This difference might reflect the different evolutionary histories of these regions, Zeng speculates. Regions such as the hypothalamus, midbrain and hindbrain are largely responsible for crucial physiological functions, such as feeding, metabolism and movement, that are conserved across animals, and might thus house hardwired, highly specific cell types that remain largely unchanged over time. But in the cortex, which controls higher-level cognitive functions that can adapt to changing environments, cells might have been able to diverge from one another more rapidly.
Macosko’s data are publicly available at braincelldata.org; data from the other two studies are available at brainimagelibrary.org; and the Allen Institute plans to launch an interactive website later this year, according to Zhuang.
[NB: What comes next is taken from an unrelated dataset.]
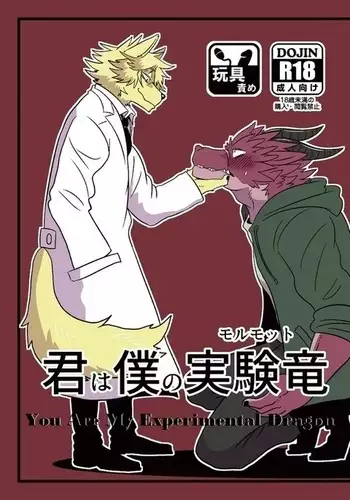 You are My Experimental Dragon | Kimi wa Boku no Jikken Ryu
“These are absolutely beautiful studies,” says Konstantinos Meletis, a neuroscientist at the Karolinska. “They show that it’s possible now to use large-scale, targeted approaches to understand the spatial organization of hundreds of genes simultaneously.” Meletis and his colleagues published their own whole-mouse-brain atlas three years ago and used a different spatial transcriptomics approach8. (That study didn’t map the whole brain at the single-cell level, but the team demonstrated — in certain regions — that its technique could be combined with single-cell RNA sequencing to reach cellular resolution.)
Beyond gene expression
Single-cell gene-expression atlases are invaluable resources for the neuroscience community, Zeng says. The ability to pinpoint a specific cell type from its molecular signature enables neuroscientists to develop tools to study the functions of these cells in the healthy brain — and in the context of disease.
But those aren’t the only types of atlases researchers are building.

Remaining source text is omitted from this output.